*EXERCISE INSTRUCTIONS*.
Beginning with the line containing "Warren Sapp Miami", give every line again exactly as it is, ending with the last line of the entries.

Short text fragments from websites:

++++++

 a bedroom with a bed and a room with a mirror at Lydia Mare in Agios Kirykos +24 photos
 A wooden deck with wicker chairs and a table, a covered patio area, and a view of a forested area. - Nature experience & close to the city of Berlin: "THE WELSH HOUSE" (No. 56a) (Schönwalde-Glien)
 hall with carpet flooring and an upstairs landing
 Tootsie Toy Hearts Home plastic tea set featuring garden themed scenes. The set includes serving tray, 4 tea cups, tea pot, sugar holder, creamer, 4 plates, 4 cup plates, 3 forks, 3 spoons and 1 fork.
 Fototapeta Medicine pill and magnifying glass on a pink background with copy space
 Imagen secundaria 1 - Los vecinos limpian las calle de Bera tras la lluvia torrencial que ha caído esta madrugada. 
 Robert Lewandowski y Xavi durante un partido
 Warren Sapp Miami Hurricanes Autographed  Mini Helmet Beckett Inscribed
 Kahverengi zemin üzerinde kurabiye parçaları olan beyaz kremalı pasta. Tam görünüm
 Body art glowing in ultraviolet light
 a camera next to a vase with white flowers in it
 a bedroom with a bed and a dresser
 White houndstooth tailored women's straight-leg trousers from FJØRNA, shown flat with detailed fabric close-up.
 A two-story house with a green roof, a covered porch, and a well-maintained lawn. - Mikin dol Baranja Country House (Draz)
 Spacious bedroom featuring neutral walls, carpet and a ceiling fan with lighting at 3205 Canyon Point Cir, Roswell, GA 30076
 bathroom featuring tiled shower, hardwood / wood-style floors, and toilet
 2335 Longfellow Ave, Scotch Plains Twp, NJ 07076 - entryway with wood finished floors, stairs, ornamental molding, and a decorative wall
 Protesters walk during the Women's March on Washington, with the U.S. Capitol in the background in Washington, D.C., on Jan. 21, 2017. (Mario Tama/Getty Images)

++++++

*EXERCISE ANSWER*.
 Warren Sapp Miami Hurricanes Autographed  Mini Helmet Beckett Inscribed
 Kahverengi zemin üzerinde kurabiye parçaları olan beyaz kremalı pasta. Tam görünüm
 Body art glowing in ultraviolet light
 a camera next to a vase with white flowers in it
 a bedroom with a bed and a dresser
 White houndstooth tailored women's straight-leg trousers from FJØRNA, shown flat with detailed fabric close-up.
 A two-story house with a green roof, a covered porch, and a well-maintained lawn. - Mikin dol Baranja Country House (Draz)
 Spacious bedroom featuring neutral walls, carpet and a ceiling fan with lighting at 3205 Canyon Point Cir, Roswell, GA 30076
 bathroom featuring tiled shower, hardwood / wood-style floors, and toilet
 2335 Longfellow Ave, Scotch Plains Twp, NJ 07076 - entryway with wood finished floors, stairs, ornamental molding, and a decorative wall
 Protesters walk during the Women's March on Washington, with the U.S. Capitol in the background in Washington, D.C., on Jan. 21, 2017. (Mario Tama/Getty Images)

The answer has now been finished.